**Directions**
All records below are to be transcribed exactly, with every picture left out.

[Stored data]
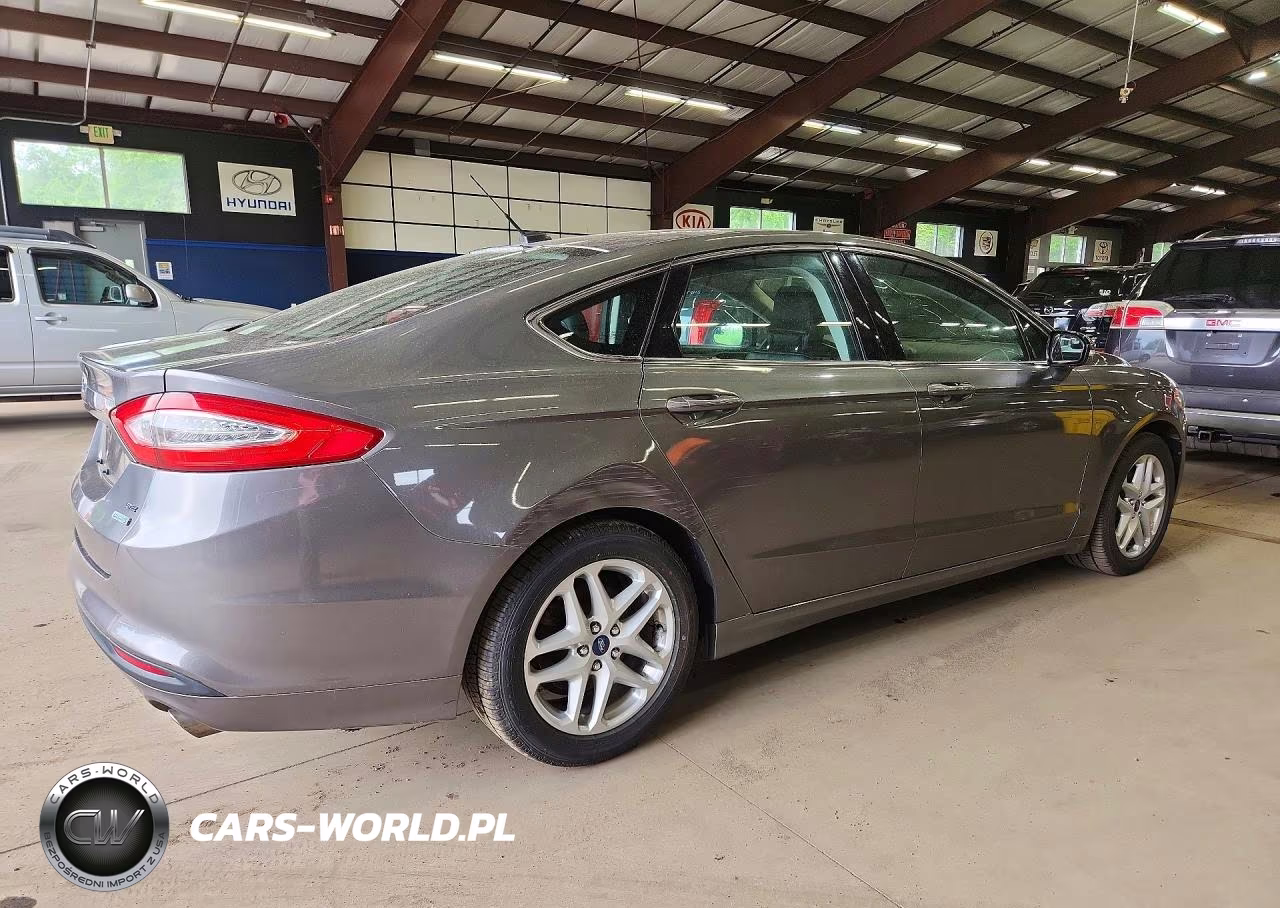 2014 Ford Fusion Se VIN:3FA6P0HD8ER130568 - 3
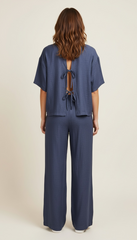 Blusa a scatola con laccetti dietro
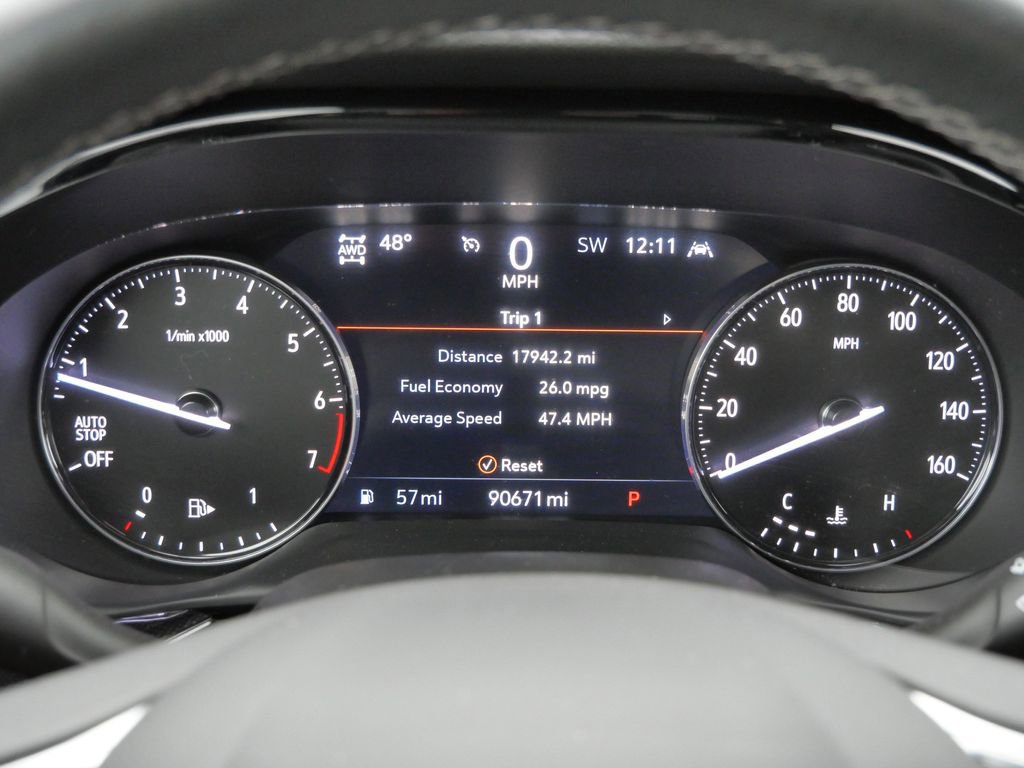 Used 2022 Buick Envision Essence w/ Sport Touring Package image 20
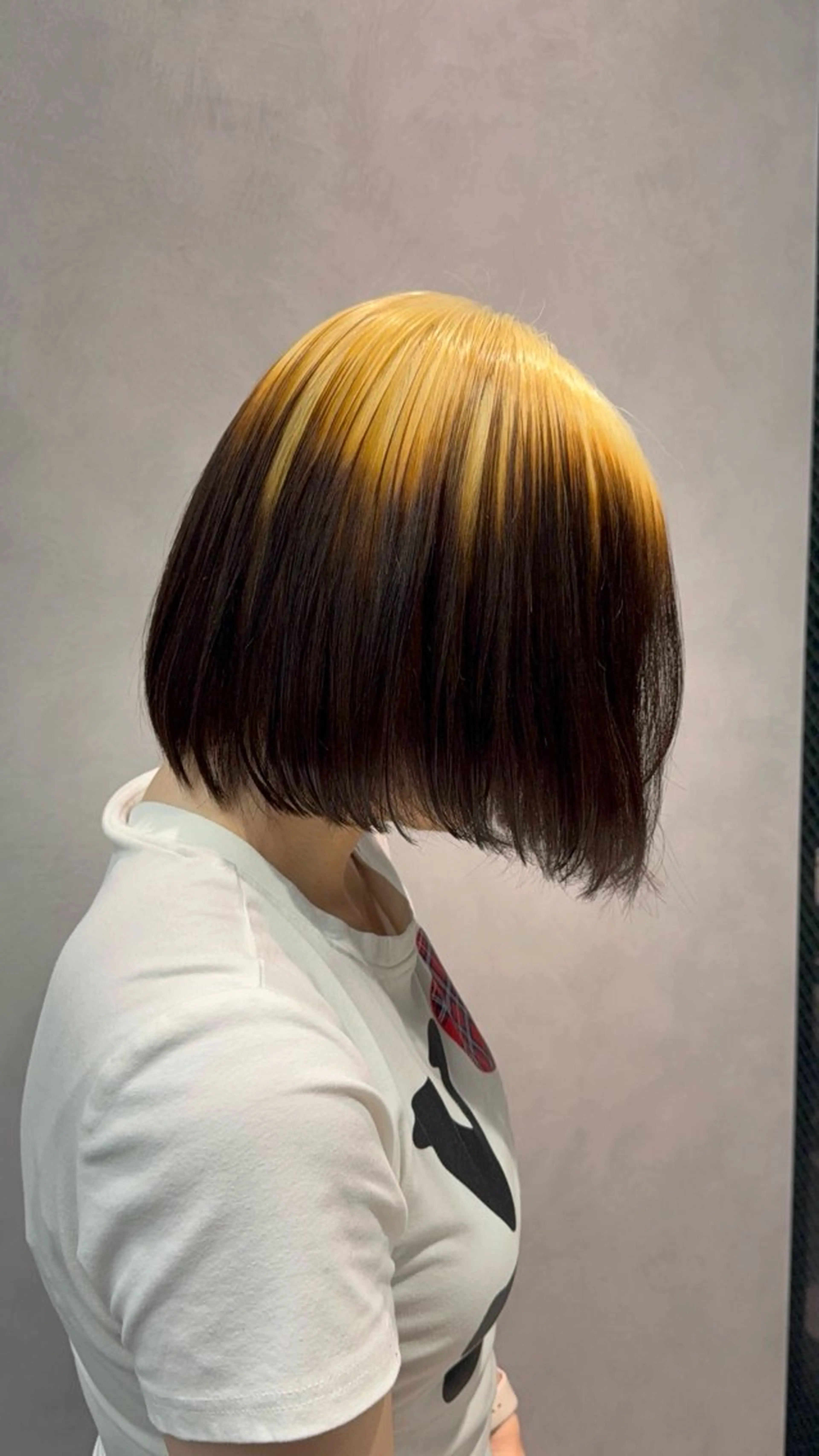 セミロング カラー ブリーチ 抜きっぱなしブロンド ブロンド ケアブリーチ ダブルカラー ヘアカラー トリートメント インナーカラー 推し ブリーチ  髪質改善のヘアスタイル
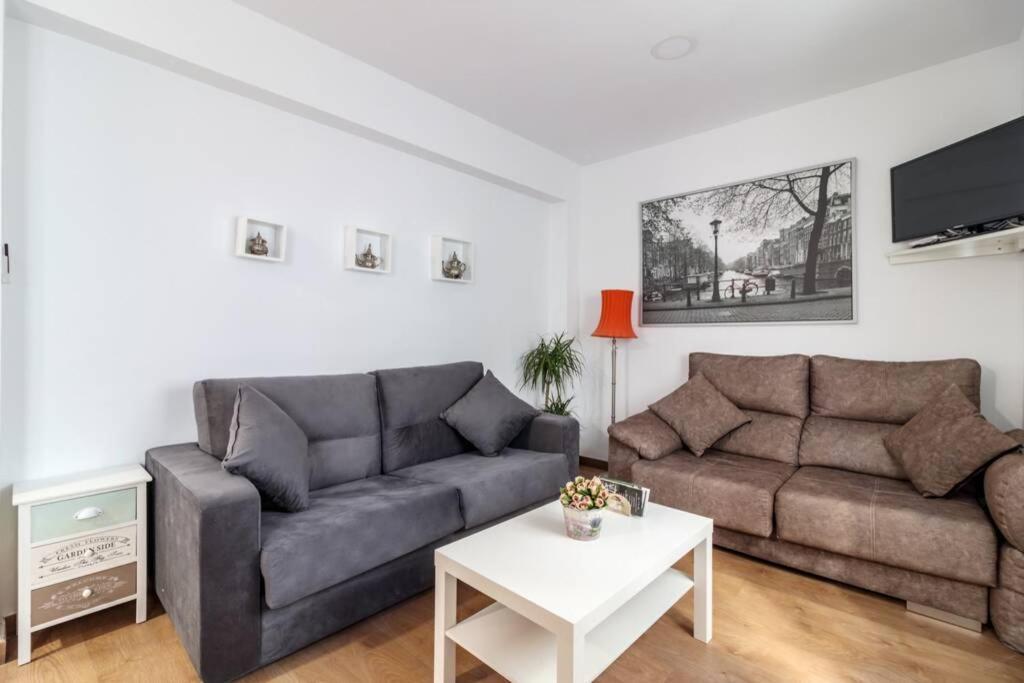 Lovely Apartment In The Centre Wifi Grenada Zewnętrze zdjęcie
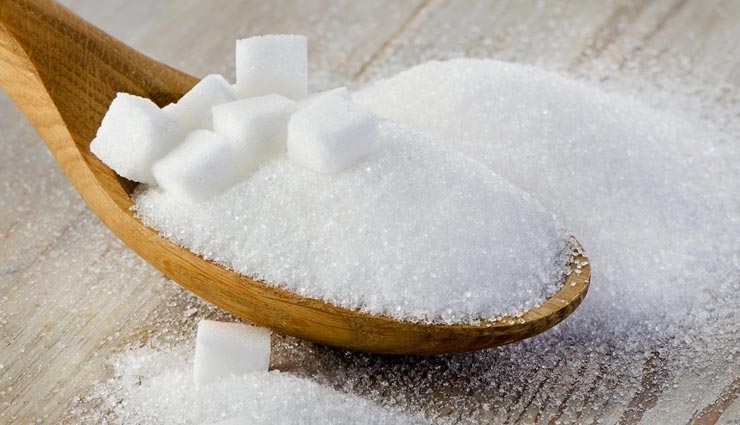 get rid of black elbow and knees,home remedies to get rid of dark elbow,home remedies for dark knees,skin care tips,beauty tips,hands care tips,legs care tips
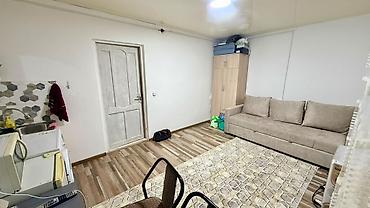 105 с: 1 комната, 15 м², ул. Баялинова / Орозбекова 2 этаж, Косметический ремонт — 3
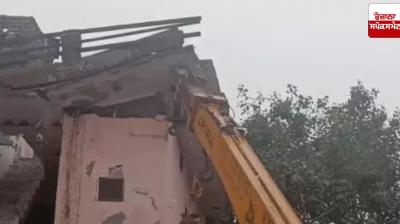 Bulldozer driven at drug smuggler's house in Patiala, know full details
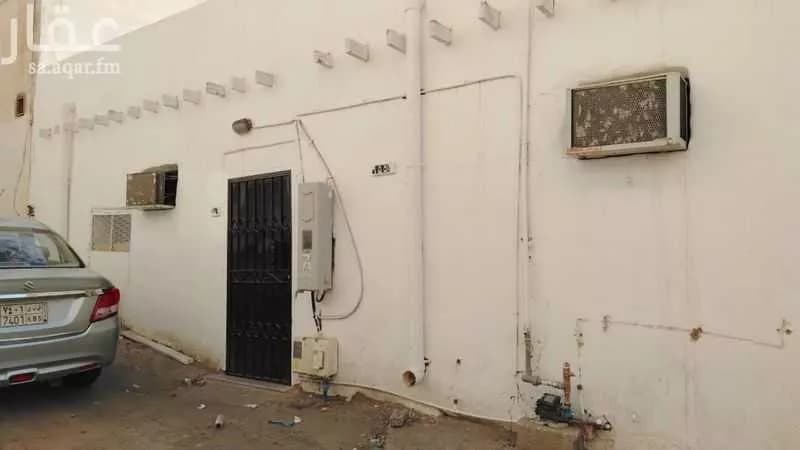 فيلا للبيع في شارع تميم مولى ابن غنم, حي العنابس, مدينة المدينة المنورة, منطقة المدينة المنورة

**Problem solution**
 2014 Ford Fusion Se VIN:3FA6P0HD8ER130568 - 3
 Blusa a scatola con laccetti dietro
 Used 2022 Buick Envision Essence w/ Sport Touring Package image 20
 セミロング カラー ブリーチ 抜きっぱなしブロンド ブロンド ケアブリーチ ダブルカラー ヘアカラー トリートメント インナーカラー 推し ブリーチ  髪質改善のヘアスタイル
 Lovely Apartment In The Centre Wifi Grenada Zewnętrze zdjęcie
 get rid of black elbow and knees,home remedies to get rid of dark elbow,home remedies for dark knees,skin care tips,beauty tips,hands care tips,legs care tips
 105 с: 1 комната, 15 м², ул. Баялинова / Орозбекова 2 этаж, Косметический ремонт — 3
 Bulldozer driven at drug smuggler's house in Patiala, know full details
 فيلا للبيع في شارع تميم مولى ابن غنم, حي العنابس, مدينة المدينة المنورة, منطقة المدينة المنورة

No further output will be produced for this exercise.